Data under study START

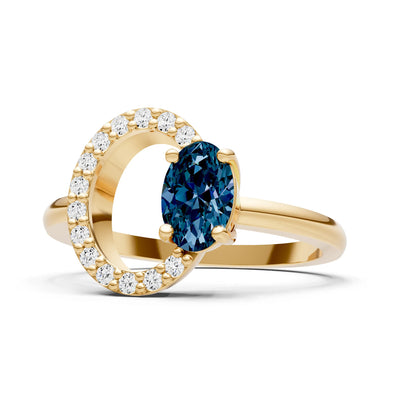 Circle Diamond Ring with Oval Cut Gemstone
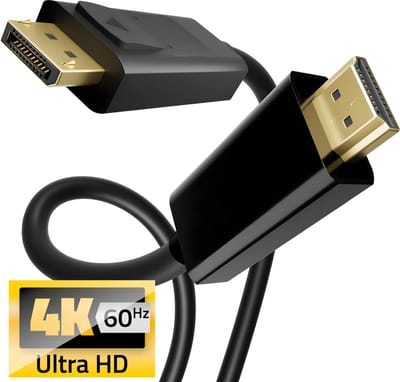 Active DisplayPort naar HDMI Kabel - 2 Meter - Tot 4K Ultra HD 60Hz - Actieve DP (Male) naar HDMI (Male) Converter - Active DisplayPort naar HDMI Kabel - Monitor Kabel - Geschikt voor Gaming Monitor, Laptop, PC, Desktop & 4K TV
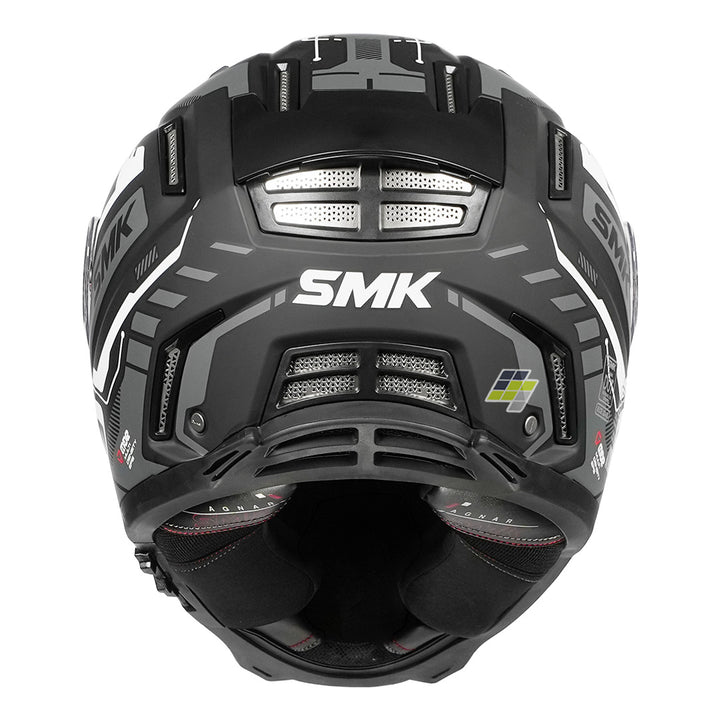 SMK Agnar Tektron Helmet matt white and grey back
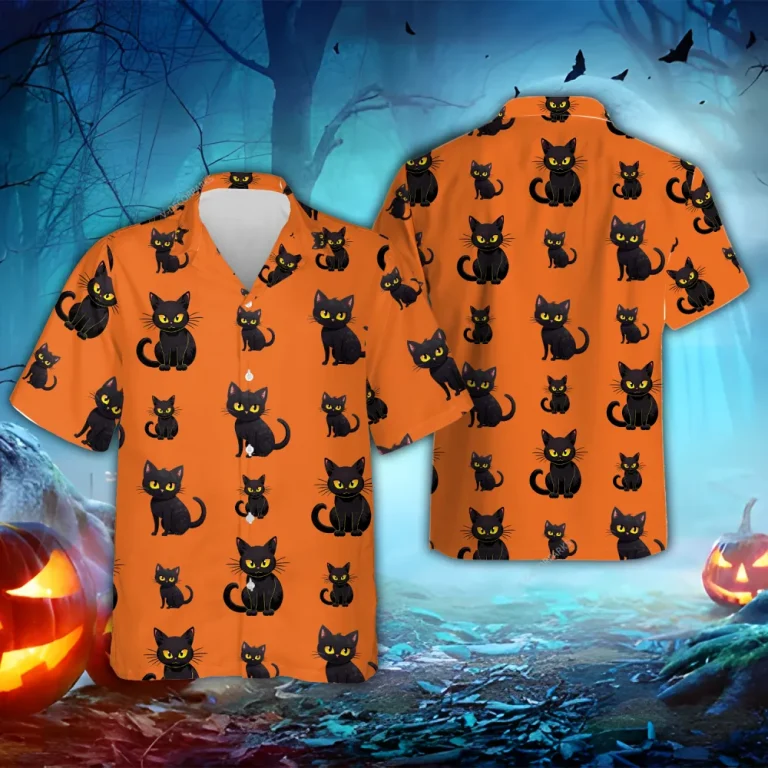 Black Cat Halloween Hawaiian Shirts, Halloween Black Cat Summer Beach Shirt, Spooky Aloha Shirt, Cat Lover Button Down Short Sleeve Hawaiian Shirts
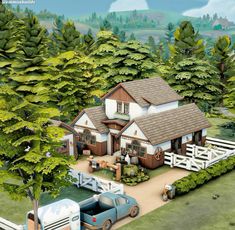 an artist's rendering of a farm house in the middle of a wooded area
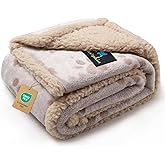 Luciphia Waterproof Pet Blankets Whith Paw Print for Couch Sofa Bed Cover, Liquid Pee Proof Soft Fluffy Dog Blanket Washable, Reversible Furniture Protection Puppy Cat, Khaki, Small(40" x 28")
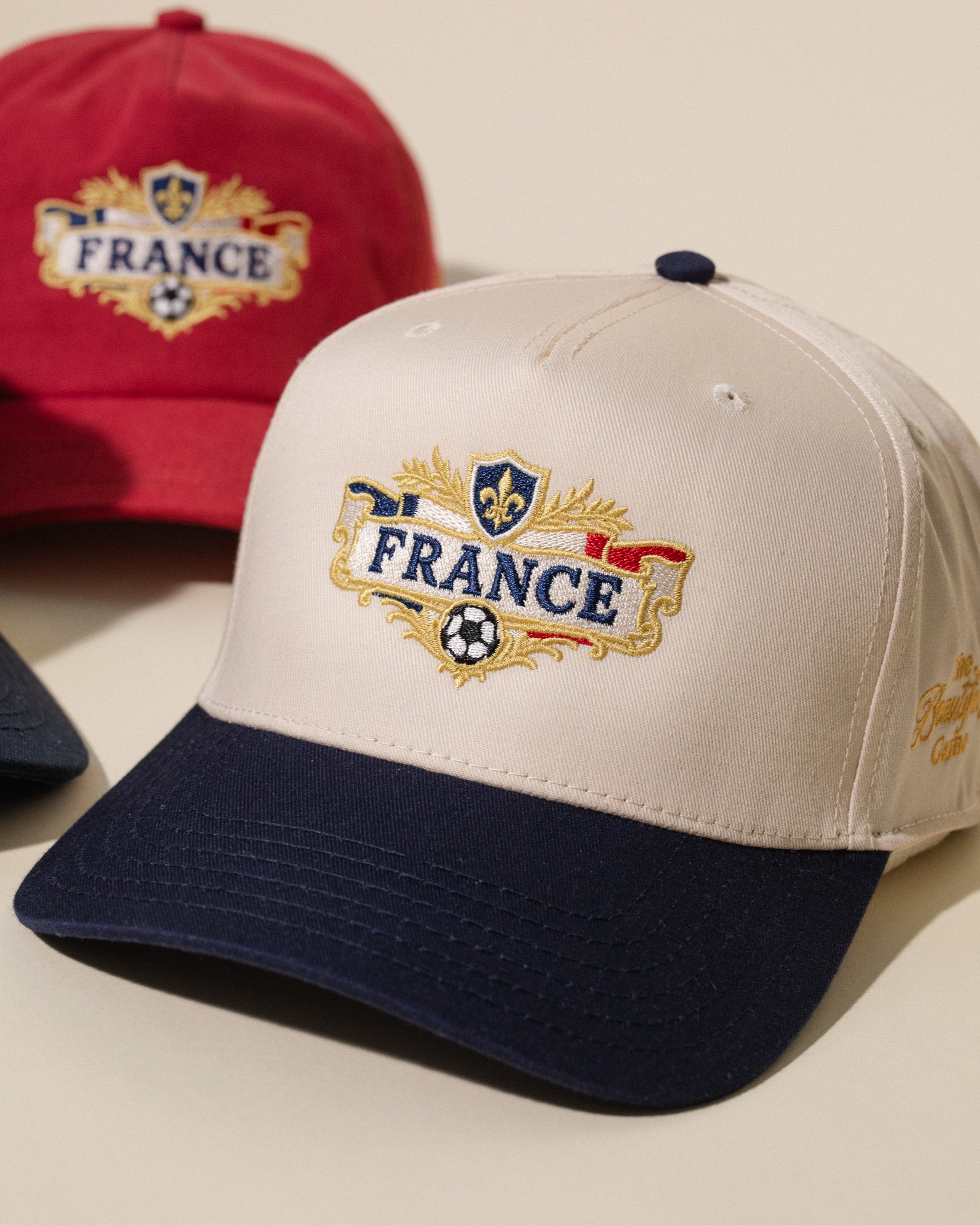 France Crest Hat (Cream/Navy)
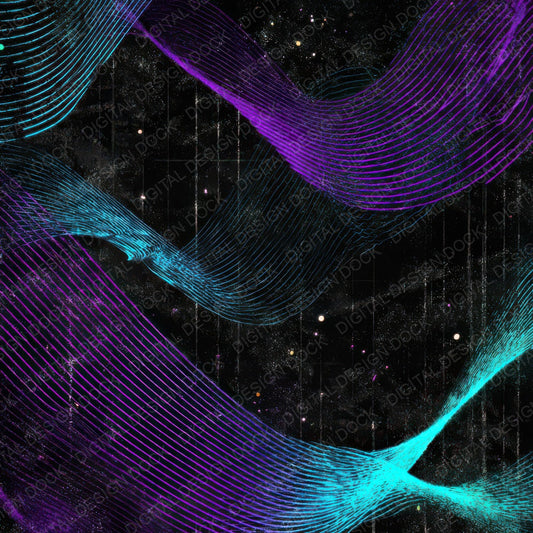 Neon Wave Grunge Digital Paper Pack (DDD008619)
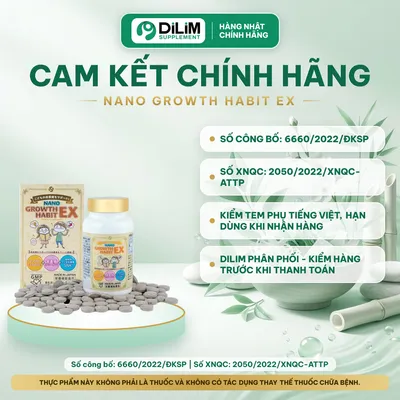 Viên uống NANO GROWTH HABIT EX Nhật Bản cho trẻ từ 6 tuổi - cam kết chính hãng
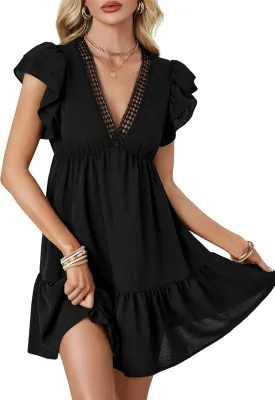 LYANER Women's Deep V Neck Ruffle Short Sleeve A Line Swing Flared Cocktail Party Mini Dress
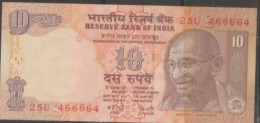 India 10 Rupees - FANCY NUMBER. (466664) Note UNC - Inde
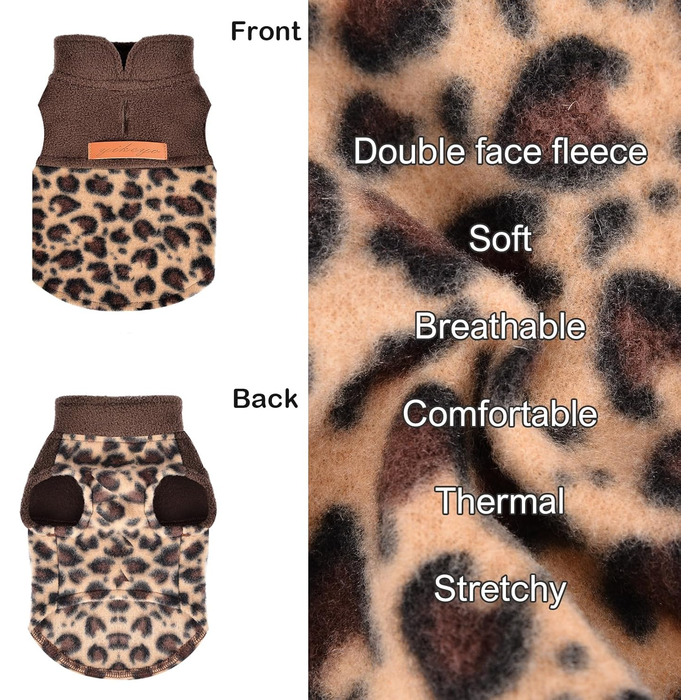 Флісовий пуловер для собак Kosiyi з леопардовим принтом, еластичний, з отвором для повідка, одяг для домашніх тварин, легкий верхній одяг для маленьких собак, для холодної погоди, для хлопчиків та дівчаток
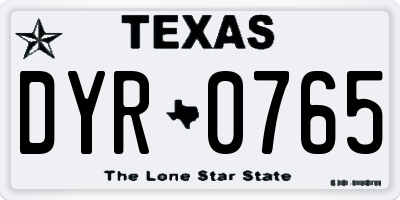 TX license plate DYR0765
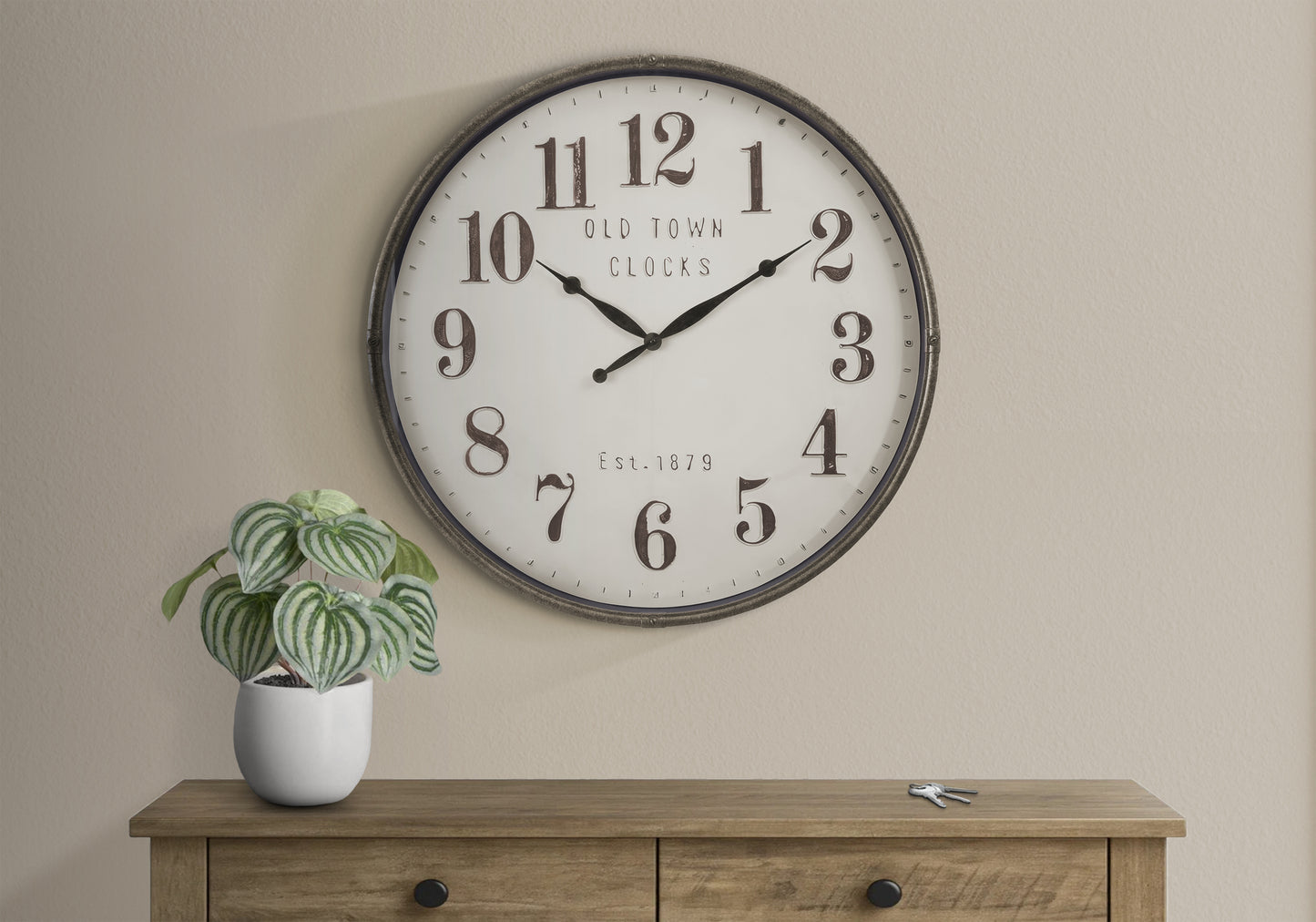 Clocks, 30' Round, Large Oversized, Wall Clock, Brown, Transitional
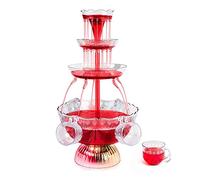 LIALIYA 3-Tier Partito Vino Fontana, plastica LED Light-Up Bere Fontana con 5 Coppe, per Vintage Giochi Alcolici/Bar/Partito della casa USA, Contiene 1,5 galloni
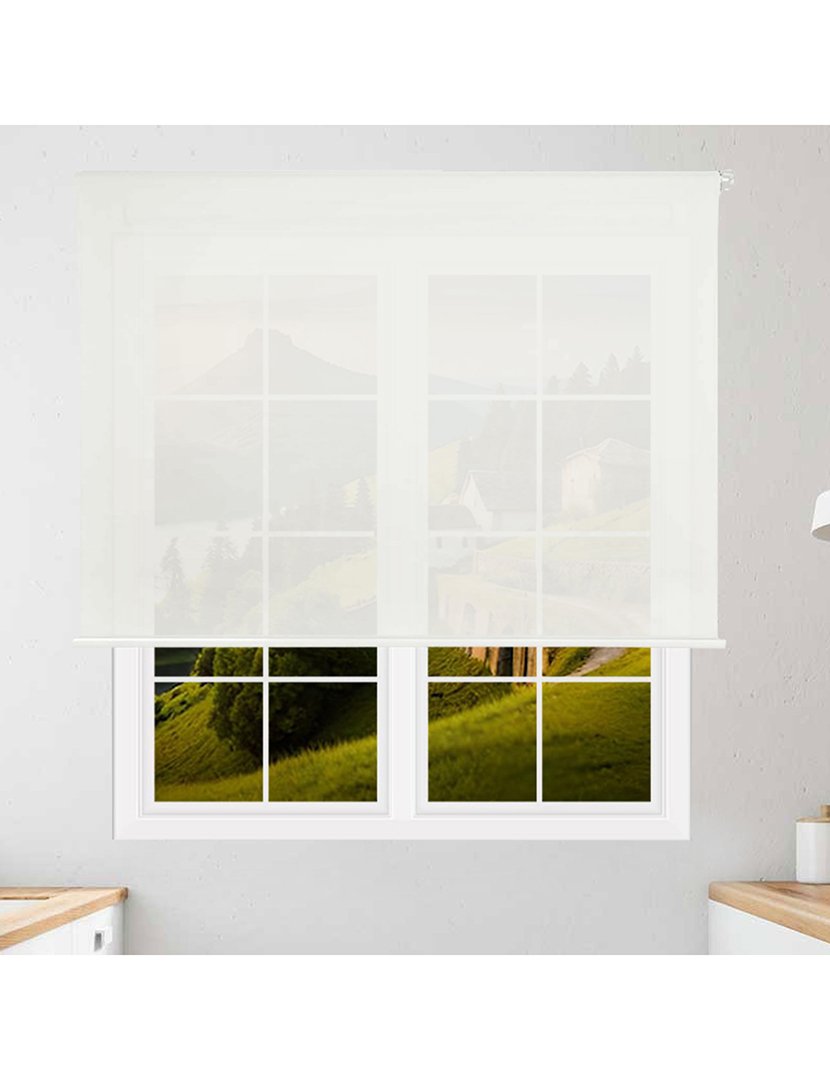 Estore de enrolar Translúcido Branco-sujo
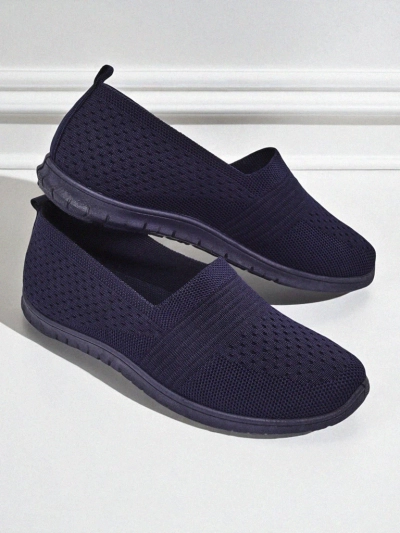 Mocassins pour femmes Lyra Bleu marine tissu respirant à semelle plate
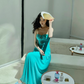 Lake blue pure sexy tube top dress temperament waist slimming seaside holiday long dress R0235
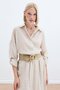 Casual Shirt with Sleeve Detail - Beige - 5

Data under study END

Problem description | Using the data above, transcribe exactly the lines between those containing "Black Cat Halloween" and "an artist's rendering", inclusive, and leave every picture behind.

Reply |
 Black Cat Halloween Hawaiian Shirts, Halloween Black Cat Summer Beach Shirt, Spooky Aloha Shirt, Cat Lover Button Down Short Sleeve Hawaiian Shirts
 an artist's rendering of a farm house in the middle of a wooded area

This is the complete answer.